Rancu Isabel, Sobkowiak Benjamin, Warren Joshua L, Ciobanu Nelly, Codreanu Alexandru, Crudu Valeriu, Colijn Caroline, Cohen Ted, Chitwood Melanie H
Department of Epidemiology of Microbial Diseases, Yale School of Public Health, New Haven, Connecticut, USA.
Department of Biostatistics, Yale School of Public Health, New Haven, Connecticut, USA.
Access Microbiol. 2025 May 12;7(5). doi: 10.1099/acmi.0.000964.v3. eCollection 2025.
Over the past three decades, molecular epidemiological studies have provided new opportunities to investigate the transmission dynamics of . In most studies, a sizable fraction of individuals with notified tuberculosis cannot be included, either because they do not have culture-positive disease (and thus do not have specimens available for molecular typing) or because resources for conducting sequencing are limited. A recent study introduced a regression-based approach for inferring the membership of unsequenced tuberculosis cases in transmission clusters based on host demographic and epidemiological data. This method was able to identify the most likely cluster to which an unsequenced strain belonged with an accuracy of 35%, although this was in a low-burden setting where a large fraction of cases occurred among foreign-born migrants. Here, we apply a similar model to whole-genome sequencing data from the Republic of Moldova, a setting of relatively high local transmission. Using a maximum cluster span of 40 single nucleotide polymorphisms (SNPs) and a cluster size cutoff of ≥10, we could best predict the specific cluster to which each clustered case was most likely to be a member with an accuracy of 17.2 %. In sensitivity analyses, we found that a more restrictive (20 SNPs threshold) or permissive (~80 SNPs) threshold did not improve performance. We found that increasing the minimum cluster size improved prediction accuracy. These findings highlight the challenges of transmission inference in high-burden settings like Moldova.

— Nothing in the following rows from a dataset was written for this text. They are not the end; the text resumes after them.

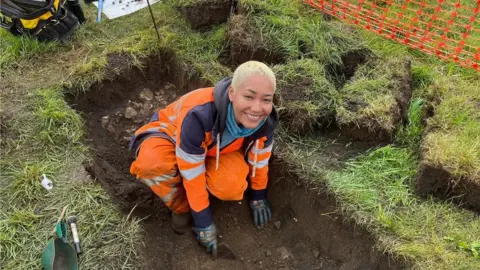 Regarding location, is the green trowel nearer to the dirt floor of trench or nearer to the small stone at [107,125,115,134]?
the dirt floor of trench

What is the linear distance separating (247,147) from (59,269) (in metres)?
1.49

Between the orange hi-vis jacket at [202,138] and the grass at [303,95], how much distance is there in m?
0.56

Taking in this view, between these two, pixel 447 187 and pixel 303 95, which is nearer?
pixel 447 187

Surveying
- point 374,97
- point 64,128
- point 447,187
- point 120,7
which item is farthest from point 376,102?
point 120,7

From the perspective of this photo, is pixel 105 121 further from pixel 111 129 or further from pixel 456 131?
pixel 456 131

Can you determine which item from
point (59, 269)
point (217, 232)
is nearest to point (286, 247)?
point (217, 232)

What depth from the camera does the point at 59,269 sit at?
8.70 feet

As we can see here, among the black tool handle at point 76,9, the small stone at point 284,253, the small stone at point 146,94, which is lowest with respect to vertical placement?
the small stone at point 284,253

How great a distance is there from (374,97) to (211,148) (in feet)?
4.94

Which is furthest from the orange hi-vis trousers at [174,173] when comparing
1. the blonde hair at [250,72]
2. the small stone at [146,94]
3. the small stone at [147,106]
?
the small stone at [146,94]

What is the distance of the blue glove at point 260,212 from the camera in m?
3.46

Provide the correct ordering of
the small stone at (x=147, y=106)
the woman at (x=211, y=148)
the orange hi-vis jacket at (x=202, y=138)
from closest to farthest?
1. the woman at (x=211, y=148)
2. the orange hi-vis jacket at (x=202, y=138)
3. the small stone at (x=147, y=106)

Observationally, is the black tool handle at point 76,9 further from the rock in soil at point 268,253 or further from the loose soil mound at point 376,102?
the rock in soil at point 268,253

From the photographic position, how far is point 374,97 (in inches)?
143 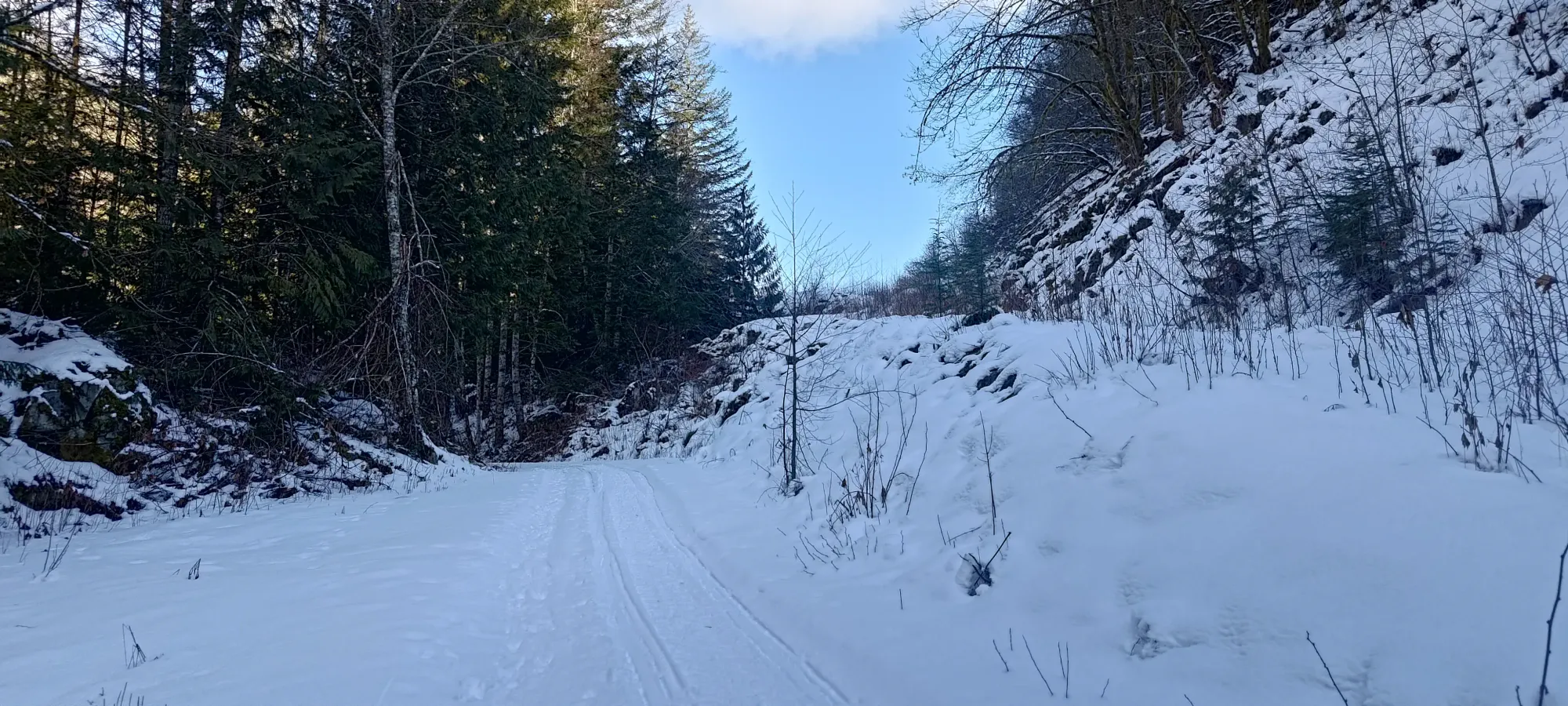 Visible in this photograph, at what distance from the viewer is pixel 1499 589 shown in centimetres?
209

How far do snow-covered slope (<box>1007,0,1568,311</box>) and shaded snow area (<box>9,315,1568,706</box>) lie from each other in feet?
11.9

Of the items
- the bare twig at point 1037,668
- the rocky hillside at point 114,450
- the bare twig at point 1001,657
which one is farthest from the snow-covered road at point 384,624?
the rocky hillside at point 114,450

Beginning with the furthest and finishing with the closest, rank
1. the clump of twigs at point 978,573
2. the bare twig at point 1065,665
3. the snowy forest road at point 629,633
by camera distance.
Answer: the clump of twigs at point 978,573 → the snowy forest road at point 629,633 → the bare twig at point 1065,665

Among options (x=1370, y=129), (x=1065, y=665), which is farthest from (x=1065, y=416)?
(x=1370, y=129)

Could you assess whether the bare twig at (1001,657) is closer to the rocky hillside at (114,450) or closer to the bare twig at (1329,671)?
the bare twig at (1329,671)

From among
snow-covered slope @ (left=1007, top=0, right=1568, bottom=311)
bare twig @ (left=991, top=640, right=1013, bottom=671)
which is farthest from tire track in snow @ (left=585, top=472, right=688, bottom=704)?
snow-covered slope @ (left=1007, top=0, right=1568, bottom=311)

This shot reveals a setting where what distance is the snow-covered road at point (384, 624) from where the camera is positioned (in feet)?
8.65

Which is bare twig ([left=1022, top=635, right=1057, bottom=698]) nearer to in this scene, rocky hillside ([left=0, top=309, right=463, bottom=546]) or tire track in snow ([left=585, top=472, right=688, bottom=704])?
tire track in snow ([left=585, top=472, right=688, bottom=704])

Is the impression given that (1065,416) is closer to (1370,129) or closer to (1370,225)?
(1370,225)

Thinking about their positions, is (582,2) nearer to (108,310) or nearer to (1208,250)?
(108,310)

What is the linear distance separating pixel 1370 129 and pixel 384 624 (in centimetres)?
1182

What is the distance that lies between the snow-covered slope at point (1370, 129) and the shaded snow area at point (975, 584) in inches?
143

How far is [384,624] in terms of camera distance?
330cm

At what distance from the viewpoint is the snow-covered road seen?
264 cm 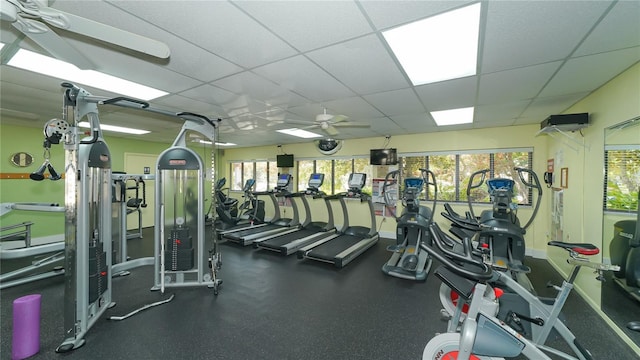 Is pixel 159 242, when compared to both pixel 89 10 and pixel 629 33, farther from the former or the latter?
pixel 629 33

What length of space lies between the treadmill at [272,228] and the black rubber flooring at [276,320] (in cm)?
165

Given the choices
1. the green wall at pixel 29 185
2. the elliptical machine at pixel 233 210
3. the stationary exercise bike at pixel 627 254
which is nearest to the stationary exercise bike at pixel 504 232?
the stationary exercise bike at pixel 627 254

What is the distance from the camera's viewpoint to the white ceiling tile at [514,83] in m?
2.26

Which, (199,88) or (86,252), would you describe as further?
(199,88)

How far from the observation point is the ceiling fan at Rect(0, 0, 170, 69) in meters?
1.21

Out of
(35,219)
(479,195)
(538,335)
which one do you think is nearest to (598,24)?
(538,335)

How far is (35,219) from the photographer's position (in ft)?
17.0

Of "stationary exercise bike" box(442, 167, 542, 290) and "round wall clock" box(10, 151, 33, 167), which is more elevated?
"round wall clock" box(10, 151, 33, 167)

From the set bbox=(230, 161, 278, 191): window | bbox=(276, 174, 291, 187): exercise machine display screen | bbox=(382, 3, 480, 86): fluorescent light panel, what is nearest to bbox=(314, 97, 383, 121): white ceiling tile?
bbox=(382, 3, 480, 86): fluorescent light panel

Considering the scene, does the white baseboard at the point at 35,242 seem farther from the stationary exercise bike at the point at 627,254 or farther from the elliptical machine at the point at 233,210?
the stationary exercise bike at the point at 627,254

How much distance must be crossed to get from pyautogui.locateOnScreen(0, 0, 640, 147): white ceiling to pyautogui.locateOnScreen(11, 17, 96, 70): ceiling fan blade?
22 cm

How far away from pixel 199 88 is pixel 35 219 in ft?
18.6

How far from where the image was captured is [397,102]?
3.33 metres

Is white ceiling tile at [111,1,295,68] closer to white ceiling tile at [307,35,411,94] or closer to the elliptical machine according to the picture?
white ceiling tile at [307,35,411,94] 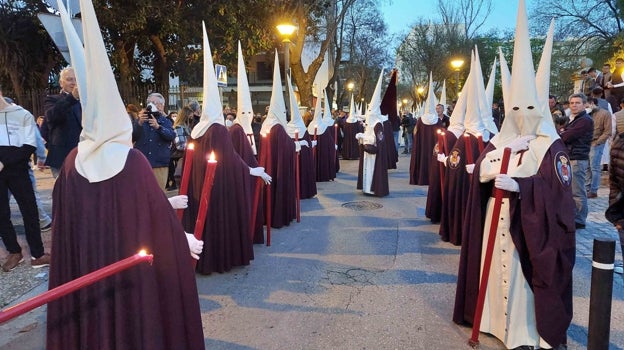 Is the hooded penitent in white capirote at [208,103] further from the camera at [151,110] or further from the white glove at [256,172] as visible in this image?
the camera at [151,110]

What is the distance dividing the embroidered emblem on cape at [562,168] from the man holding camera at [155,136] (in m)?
4.85

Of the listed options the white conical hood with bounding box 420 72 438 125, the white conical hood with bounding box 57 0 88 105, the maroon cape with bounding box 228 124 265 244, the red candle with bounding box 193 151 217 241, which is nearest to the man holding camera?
the maroon cape with bounding box 228 124 265 244

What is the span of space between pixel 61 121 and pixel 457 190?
5.35 m

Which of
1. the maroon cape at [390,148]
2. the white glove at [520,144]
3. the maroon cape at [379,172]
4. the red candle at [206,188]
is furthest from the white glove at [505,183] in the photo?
the maroon cape at [390,148]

在过去三十年中,分子流行病学研究为调查[疾病名称未给出]的传播动态提供了新机会。在大多数研究中,相当一部分已通报的结核病患者无法纳入,要么是因为他们没有培养阳性疾病(因此没有可用于分子分型的标本),要么是因为进行测序的资源有限。最近一项研究引入了一种基于回归的方法,用于根据宿主人口统计学和流行病学数据推断未测序结核病病例在传播簇中的归属。该方法能够以35%的准确率识别未测序菌株最可能所属的簇,尽管这是在一个低负担环境中,其中很大一部分病例发生在外国出生的移民中。在此,我们将类似模型应用于摩尔多瓦共和国的全基因组测序数据,该国是一个本地传播相对较高的地区。使用约40个单核苷酸多态性(SNP)的最大簇跨度和≥10的簇大小截止值,我们能够以17.2%的准确率最佳预测每个聚类病例最可能所属的特定簇。在敏感性分析中,我们发现更严格的(约20个SNP阈值)或宽松的(约80个SNP)阈值并不能提高性能。我们发现增加最小簇大小可提高预测准确率。这些发现凸显了在摩尔多瓦这样的高负担环境中进行传播推断的挑战。